Mediatani – Kelompok pembudidaya di Kulonprogo, DI Yogyakarta mendapatkan pujian dari Kementerian Kelautan dan Perikanan (KKP) atas inovasinya dalam mengintegrasikan budidaya lele dengan budidaya cacing sutra. Dengan pendekatan ini, mereka berhasil mengurangi biaya produksi dan menghasilkan pendapatan yang mencapai miliaran rupiah setiap tahun.
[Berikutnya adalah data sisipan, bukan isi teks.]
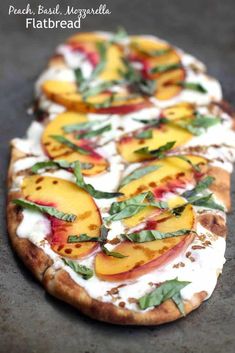 fresh peaches, basil, and mozzarella are on top of the flatbread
Inovasi ini didasarkan pada prinsip ekonomi biru, yang juga mengedepankan keberlanjutan lingkungan. Dalam sistem ini, limbah dari budidaya lele digunakan untuk pengembangan budidaya cacing sutra. Di sisi lain, cacing sutra tersebut menjadi pakan alami bagi benih lele.
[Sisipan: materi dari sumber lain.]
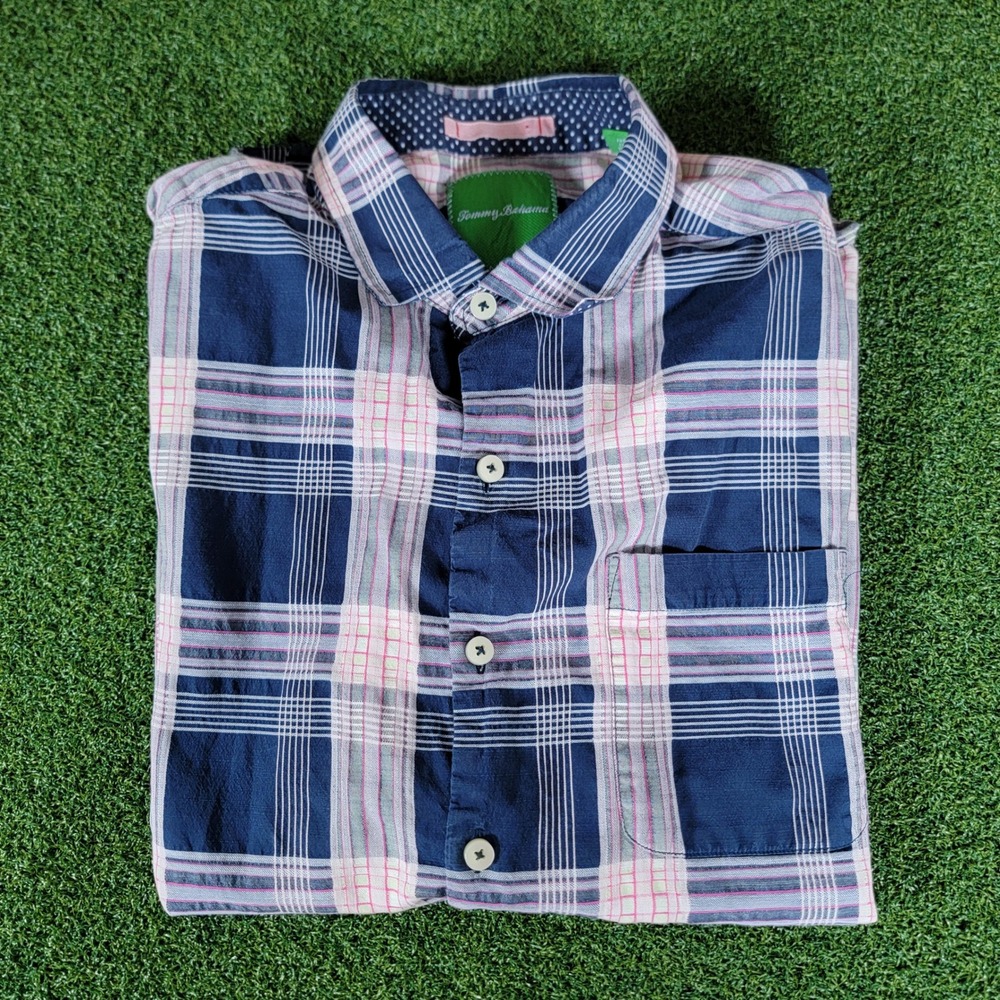 Tommy Bahama Plaid Button Up‎ Short Sleeve Casual Shirt M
Dalam kunjungannya ke Gapokdakan Mina Mitra Banjarharjo beberapa waktu lalu, Direktur Jenderal Perikanan Budidaya KKP, Tb Haeru Rahayu menjelaskan salah satu kunci sukses pembudidaya ikan seperti pembudidaya Gapokdakan Mina Mitra Banjarharjo ini yaitu ketersediaan pakan alami seperti cacing sutera secara kontinu.
Selain itu, pengelolaan budidaya ikan juga menerapkan prinsip ekonomi biru dengan tidak membuang limbah budidaya secara langsung ke perairan umum dan memastikan penggunaan pakan ikan yang efisien dan berkelanjutan.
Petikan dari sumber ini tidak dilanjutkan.